Chris Date and Hugh Darwen wrote a book called Database, Types and the Relational Model. It contains the rational for the Third Manifesto, and also an assessment of how well SQL stacks up against the Manifesto. The version of SQL targeted is SQL:2003 (with PL/PSM). The book does an extensive analysis of this version of SQL against TTM, and identifies sins of omission and commission. Obviously SQL inherits many legacy features and the consequences of decisions made years ago, however many of the gaps appear to have been filled in. Rather than focussing on the bad things one can do in SQL, my question comes down to these.
- If you set out to code in a TTM compliant style, how close can you get in SQL:2003?
- If a TTM language generated SQL:2003 as a backend target, how close could it get to TTM compliance?
Obviously in either case:
- NULL should never be used (and some extra code is needed to avoid it arising during evaluations, eg in aggregates)
- Some comparisons need to be coded carefully to avoid mistakes (eg trailing spaces in CHAR)
- All queries should have DISTINCT in effect to avoid duplicate rows
- Column attributes should be unique and in the same order in all tables (that have the same columns)
- Keys should be defined as compliant candidate keys.
- Tuple level operations should be avoided (FETCH, WHERE CURRENT)
- Much care should be taken to use certain syntactic features and not use others.

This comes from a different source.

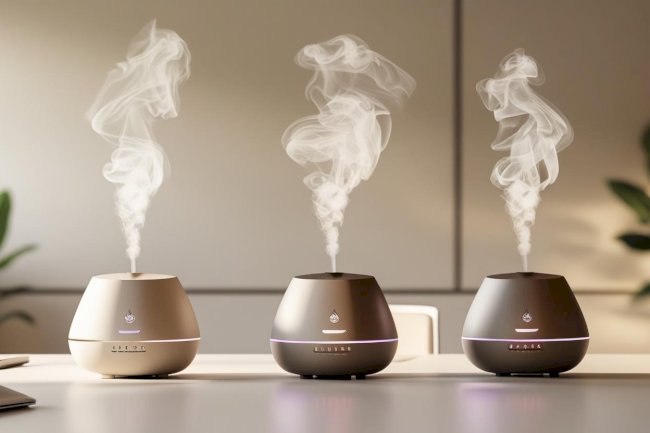 Scent Marketing: The Invisible Touch Transforming Brand Experiences in India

The only failures (from that list) that I can find are:
- There are severe limitations in the type system (possreps, components, selectors, constraints, tuple types, relation types).
- No assignment (or multiple assignment) for relation types; emulation via DELETE/INSERT runs into the multiple assignment problem.

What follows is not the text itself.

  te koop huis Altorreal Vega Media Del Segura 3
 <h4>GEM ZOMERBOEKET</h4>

- No relation-valued attributes (but might be emulated using MULTISET)
- No public relvars (can only share database tables)
- No nested transactions; some other issues around transactions.
I should point out here that this only applies directly to SQL:2003, but in broad terms it probably applies to later versions of the standard and implementations that claim substantial compliance with the standard (perhaps with different syntax).
So apart from the type system, the horrible syntax and the plethora of ways to shoot yourself in the foot, SQL:2003 is not all that bad! My answer to my two questions is:
- Quite close, apart from the seriously deficient type system.
- Very close indeed, if the compiler can provide its own type system on top of that provided by SQL, its own syntax, and then generate bog standard SQL (or some dialect to suit a particular engine).
You can write good code in SQL:2003 or later, but it’s not easy. A better language sitting on top of SQL might make it a whole lot easier. Is that where Andl fits?